I love it. Too fast is good in my book. Proper body selection will help it too. You have any of the original front end weights that slip the front axle through em?? I never tried to mess with the shoe window myself. I usually just adjust them where I need them. Tweaking em.


----------



## Boosted-Z71 (Nov 26, 2007)

1st how much chassis to rail clearance do you have, the tires look tall, 2nd make sure the tires are round & the axles are straight on both ends & a good fit in the chassis, not too loose, if not start there. If your running stock hubs true them up with a dremel & nail file sanding stick, some of the AW wheels are terrible. I do cut the stock springs on my AFX, if I grind the front tires to lower the chassis, but no more than 1 coil. I will always grind o-rings to give a little more surface for the car to ride on & soften the rubber. I try to setup the chassis within .008 of the rails, then check to see if it drags anywhere, routed track you can go lower, depending on the track but I have been down to .004, but I guarantee it will drag on another track. I have found on high torque motors that the plastic gears usually don't last long enough for me, I run brass & lap them all in together. I also hem the pickup windows to limit travel, just like a fray car, I don't like the pickups going below the wheels at all.

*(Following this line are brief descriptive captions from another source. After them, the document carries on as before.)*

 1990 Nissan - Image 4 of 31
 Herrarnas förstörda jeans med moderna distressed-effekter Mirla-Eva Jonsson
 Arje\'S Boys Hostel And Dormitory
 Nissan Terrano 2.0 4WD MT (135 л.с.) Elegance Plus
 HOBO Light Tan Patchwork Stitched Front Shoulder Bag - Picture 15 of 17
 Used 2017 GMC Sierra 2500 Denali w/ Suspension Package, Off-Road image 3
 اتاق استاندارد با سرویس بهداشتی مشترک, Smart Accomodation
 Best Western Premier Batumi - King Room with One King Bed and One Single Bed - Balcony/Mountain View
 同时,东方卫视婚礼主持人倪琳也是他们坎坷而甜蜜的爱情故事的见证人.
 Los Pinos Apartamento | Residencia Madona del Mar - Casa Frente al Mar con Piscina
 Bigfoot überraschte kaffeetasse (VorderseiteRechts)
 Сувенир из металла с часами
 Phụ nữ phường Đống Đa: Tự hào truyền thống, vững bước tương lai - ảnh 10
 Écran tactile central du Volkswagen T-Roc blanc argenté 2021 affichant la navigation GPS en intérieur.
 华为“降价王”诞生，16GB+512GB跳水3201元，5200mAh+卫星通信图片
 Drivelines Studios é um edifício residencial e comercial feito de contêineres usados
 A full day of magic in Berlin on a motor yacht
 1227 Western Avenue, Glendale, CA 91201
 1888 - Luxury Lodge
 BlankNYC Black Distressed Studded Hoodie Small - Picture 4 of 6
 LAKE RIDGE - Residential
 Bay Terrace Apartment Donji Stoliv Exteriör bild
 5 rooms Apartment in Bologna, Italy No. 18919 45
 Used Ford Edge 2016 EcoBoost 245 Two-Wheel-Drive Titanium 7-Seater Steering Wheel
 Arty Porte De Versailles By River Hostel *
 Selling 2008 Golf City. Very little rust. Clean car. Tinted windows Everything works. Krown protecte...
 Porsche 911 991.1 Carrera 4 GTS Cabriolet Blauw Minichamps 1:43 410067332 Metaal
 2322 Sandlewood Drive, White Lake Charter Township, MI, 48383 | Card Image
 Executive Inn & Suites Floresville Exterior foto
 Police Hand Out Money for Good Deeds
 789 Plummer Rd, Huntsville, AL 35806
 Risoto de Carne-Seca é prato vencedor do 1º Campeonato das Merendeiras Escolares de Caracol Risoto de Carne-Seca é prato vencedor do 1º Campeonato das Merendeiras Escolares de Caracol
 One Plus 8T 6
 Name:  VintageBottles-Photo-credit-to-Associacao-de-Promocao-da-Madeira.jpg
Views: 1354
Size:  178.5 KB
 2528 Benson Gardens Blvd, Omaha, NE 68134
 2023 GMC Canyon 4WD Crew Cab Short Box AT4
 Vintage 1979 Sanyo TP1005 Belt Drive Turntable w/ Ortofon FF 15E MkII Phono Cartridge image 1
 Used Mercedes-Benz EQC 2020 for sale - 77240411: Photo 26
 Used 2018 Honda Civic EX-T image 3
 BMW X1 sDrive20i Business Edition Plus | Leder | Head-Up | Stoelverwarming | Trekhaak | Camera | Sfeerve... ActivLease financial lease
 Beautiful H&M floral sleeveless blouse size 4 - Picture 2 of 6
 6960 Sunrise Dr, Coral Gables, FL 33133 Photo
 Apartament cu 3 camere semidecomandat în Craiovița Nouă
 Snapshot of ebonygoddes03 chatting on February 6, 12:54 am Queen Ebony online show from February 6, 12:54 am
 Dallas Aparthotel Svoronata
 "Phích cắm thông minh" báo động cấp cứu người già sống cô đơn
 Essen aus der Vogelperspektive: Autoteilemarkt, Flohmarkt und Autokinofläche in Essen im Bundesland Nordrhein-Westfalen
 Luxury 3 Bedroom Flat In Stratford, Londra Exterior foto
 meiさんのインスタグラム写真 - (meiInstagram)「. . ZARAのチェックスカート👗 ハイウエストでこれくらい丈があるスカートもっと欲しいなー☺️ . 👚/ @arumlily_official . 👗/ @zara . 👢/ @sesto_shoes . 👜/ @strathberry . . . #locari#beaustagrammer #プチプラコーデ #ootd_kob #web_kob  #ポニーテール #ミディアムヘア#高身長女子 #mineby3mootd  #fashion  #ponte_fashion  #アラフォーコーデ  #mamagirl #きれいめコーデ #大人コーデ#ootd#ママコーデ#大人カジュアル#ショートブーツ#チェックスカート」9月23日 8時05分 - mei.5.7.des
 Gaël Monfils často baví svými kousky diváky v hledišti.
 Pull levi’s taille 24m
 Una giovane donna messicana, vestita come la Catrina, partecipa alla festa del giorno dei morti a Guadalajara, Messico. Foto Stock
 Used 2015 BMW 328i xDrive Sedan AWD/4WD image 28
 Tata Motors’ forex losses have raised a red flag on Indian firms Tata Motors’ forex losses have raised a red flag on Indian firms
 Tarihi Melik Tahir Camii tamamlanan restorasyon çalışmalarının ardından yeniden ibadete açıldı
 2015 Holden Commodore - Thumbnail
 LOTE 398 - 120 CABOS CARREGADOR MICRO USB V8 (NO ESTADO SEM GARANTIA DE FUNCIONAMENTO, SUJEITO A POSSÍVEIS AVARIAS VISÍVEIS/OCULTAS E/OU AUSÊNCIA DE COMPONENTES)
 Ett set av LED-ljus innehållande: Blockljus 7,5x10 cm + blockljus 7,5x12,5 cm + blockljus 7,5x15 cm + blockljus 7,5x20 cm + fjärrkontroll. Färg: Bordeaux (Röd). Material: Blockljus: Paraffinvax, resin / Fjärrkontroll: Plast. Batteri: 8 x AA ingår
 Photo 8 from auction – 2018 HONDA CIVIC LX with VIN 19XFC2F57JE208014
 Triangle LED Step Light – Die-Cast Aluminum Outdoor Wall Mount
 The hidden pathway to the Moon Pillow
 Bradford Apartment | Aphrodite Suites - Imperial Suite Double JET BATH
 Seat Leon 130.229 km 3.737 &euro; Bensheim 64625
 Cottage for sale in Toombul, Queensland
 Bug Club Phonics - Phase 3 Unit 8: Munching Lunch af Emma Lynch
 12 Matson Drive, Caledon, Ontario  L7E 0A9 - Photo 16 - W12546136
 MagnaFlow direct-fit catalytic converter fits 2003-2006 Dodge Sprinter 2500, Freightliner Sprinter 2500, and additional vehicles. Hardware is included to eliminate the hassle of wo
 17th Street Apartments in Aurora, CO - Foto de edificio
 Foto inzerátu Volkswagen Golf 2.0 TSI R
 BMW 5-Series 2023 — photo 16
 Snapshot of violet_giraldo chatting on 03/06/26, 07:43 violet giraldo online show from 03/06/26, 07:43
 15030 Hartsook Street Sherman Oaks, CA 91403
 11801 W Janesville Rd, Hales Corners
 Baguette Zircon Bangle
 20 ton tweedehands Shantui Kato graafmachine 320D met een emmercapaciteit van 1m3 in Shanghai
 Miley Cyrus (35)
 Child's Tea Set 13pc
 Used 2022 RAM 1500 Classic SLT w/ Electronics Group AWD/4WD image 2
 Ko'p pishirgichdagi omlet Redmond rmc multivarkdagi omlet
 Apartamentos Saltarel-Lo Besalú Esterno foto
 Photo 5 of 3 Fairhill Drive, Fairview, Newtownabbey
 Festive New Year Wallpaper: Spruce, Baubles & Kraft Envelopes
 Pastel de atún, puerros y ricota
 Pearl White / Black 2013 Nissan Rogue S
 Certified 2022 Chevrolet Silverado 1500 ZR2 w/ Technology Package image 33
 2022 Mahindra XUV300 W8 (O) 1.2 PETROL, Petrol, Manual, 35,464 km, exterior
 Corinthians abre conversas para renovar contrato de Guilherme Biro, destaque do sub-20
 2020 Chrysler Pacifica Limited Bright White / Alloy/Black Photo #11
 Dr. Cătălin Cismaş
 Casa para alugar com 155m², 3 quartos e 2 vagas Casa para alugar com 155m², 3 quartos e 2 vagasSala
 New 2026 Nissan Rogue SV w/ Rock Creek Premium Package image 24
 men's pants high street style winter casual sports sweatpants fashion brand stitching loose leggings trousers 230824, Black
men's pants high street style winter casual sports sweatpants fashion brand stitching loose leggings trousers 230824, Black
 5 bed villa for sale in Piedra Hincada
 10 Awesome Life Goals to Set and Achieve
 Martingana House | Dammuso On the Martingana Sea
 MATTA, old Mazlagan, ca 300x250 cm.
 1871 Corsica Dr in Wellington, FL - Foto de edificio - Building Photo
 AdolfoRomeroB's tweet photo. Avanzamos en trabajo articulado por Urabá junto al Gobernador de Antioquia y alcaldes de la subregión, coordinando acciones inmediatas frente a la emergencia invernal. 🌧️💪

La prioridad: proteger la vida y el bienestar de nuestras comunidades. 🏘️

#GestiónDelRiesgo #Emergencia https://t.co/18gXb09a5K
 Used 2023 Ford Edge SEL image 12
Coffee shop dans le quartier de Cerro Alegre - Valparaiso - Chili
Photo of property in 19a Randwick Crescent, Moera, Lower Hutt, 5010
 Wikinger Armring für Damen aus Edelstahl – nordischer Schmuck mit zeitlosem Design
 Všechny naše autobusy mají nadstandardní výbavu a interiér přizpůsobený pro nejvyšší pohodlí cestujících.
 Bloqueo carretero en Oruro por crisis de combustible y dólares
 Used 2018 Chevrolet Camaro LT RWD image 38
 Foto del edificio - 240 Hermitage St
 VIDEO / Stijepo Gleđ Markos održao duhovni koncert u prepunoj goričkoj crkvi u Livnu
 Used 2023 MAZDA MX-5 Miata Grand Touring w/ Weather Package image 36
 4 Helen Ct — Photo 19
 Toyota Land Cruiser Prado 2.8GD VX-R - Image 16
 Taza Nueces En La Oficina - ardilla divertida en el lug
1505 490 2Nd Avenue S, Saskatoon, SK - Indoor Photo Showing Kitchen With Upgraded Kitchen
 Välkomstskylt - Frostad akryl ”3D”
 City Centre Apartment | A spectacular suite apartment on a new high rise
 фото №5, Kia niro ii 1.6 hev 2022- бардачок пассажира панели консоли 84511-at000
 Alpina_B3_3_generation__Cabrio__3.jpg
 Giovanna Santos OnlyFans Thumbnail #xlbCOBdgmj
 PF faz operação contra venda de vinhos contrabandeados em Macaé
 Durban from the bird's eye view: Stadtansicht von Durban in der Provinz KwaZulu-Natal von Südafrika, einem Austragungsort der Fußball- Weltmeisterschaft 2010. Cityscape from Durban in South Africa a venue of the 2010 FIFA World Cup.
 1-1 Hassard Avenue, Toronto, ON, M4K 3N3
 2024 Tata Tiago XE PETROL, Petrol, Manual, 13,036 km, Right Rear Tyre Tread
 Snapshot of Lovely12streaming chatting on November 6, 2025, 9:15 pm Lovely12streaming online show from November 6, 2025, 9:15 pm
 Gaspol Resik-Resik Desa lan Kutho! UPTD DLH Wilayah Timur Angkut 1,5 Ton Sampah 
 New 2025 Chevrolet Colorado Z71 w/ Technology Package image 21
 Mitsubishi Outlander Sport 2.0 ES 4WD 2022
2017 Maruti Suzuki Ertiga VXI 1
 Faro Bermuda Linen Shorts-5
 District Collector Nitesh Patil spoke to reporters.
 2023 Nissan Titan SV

Looks like you got some good parts going into that little monster.

Boosted


----------



## clydeomite (May 5, 2004)

Hey Joe:
Since it a non mag chassis try adding a magnet to the chassis . I would put a radio shack neodot mag on the side th gear is on . thos may require you to run a slightly taller tire but will help keep the car on the track.
Clyde-0-Mite


----------



## joegri (Feb 13, 2008)

cuz it was sooo damn cool in the cave last nite i passed on wrenchin down there and hung around the pellet stove.ca,nt believe that i hang upstairs thinkin bout what i,m gonna do when i go down to the cave.what a hobby.jskylark i,m into lexan for this build so light and sleek is the theme.after reading replys hemming the shoes and cut a loop off the sgring should do it. i do have some of those dot mags but will have to check for clearance.also a magnet swap could be in the future.the idea is to make it fast and get it to go around the turns too!just 1 small job this morning then maybe some cave time. thanx fellas for some ideas.


----------



## Bill Hall (Jan 6, 2007)

True axles, wheels, and tires are step one. Rather than cutting the spring, try adjusting the shoe hook first.


----------



## bkreaume (Feb 6, 2010)

> try adjusting the shoe hook first


Bill, can you expand on this? Cutting the spring is such a pain for me.


----------



## joegri (Feb 13, 2008)

guess i should have mentioned that i did try backin off the hook area. just about the same results. i.ve tried just about everything i,ve learned in fraycar tuning and basicly the same results. i was thinkin that all the techniques would/should apply to the afx chassis.if i can get it close i,ll be kind happy. bk if u go to the fraycar tuning thread you,ll find it there and bill has made a good video . '' how to" with an unrulie tuff ones. it works real good but ya gotta play with a few before ya get the hang of it.


----------



## AfxToo (Aug 29, 2003)

The JB brushes and reducing brush tension will definitely help take some of the punchiness out of it. Also try o-ring fronts. The Super II magnets are fine. 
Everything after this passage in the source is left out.